1337 and g1337st*r are definitely passe and so nineties, but these still arise from time to time in every day communications. How does one translate “leet” into any language? What happens when the translations are done poorly by someone who is absolutely no knowledge about hacking or their unique industry specific vocabulary? It is easy to imagine that a lot could easily be lost in translation, and such errors could be very expensive, especially for clients.
Furthermore, not all of the penetration testing clients looking for pentesting experts are going to be hiring companies in their own homeland. Kaspersky is one of the most popular antivirus software programs on the market today, but they are also famous for testing viruses discovered around the world, and some have rumored that they may even be responsible for some of the computer viruses they have discovered, however unlikely that may be.

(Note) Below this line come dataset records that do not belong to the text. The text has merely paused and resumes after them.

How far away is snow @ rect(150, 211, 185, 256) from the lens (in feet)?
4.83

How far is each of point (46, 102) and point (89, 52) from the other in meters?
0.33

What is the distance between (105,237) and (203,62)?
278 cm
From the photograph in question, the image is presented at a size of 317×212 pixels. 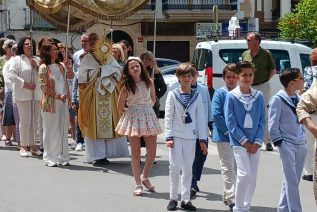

However, even internal information and documentation for Kaspersky likely has to be translated at least to some degree, as Kaspersky has “Headquarters” in Moscow, Russia (along with many regional units); Dubai, UAE; Istanbul, Turkey; London, England; Mexico City, Mexico; Midrand, South Africa; São Paulo, Brazil; Singapore; Woburn, Massachusetts, USA. What happens if there are miscommunications because a tech “caught a bug” gets translated as a tech caught the coronavirus or some other disease? What happens when viruses are submitted and all of the notations are in another language. Letting anyone other than a professional translator handle the document translations could have very serious and even costly implications.
The technological revolution and the digital age are no longer distant pipe dreams. These are very relevant realities that are part of everyday life in the here and now. The big trend for the year 2020 so far is globalization and localization, which means an increasing demand for the internet and its services. As more and more companies move online, more and more companies will be forced to rely on storing data on cloud servers or other internet accessible areas where they will always be prone to being hacked.
Just as penetration testing must be done by competent and capable professionals, and not just some basement hacker who lives down the way playing around with a freshly downloaded copy of Kali Linux. So too, professional translation of cyber security documentation must also be translated by translation agencies with translators who also possess an equally intimate knowledge, not only of the language, but the language of hackers and cyber security experts.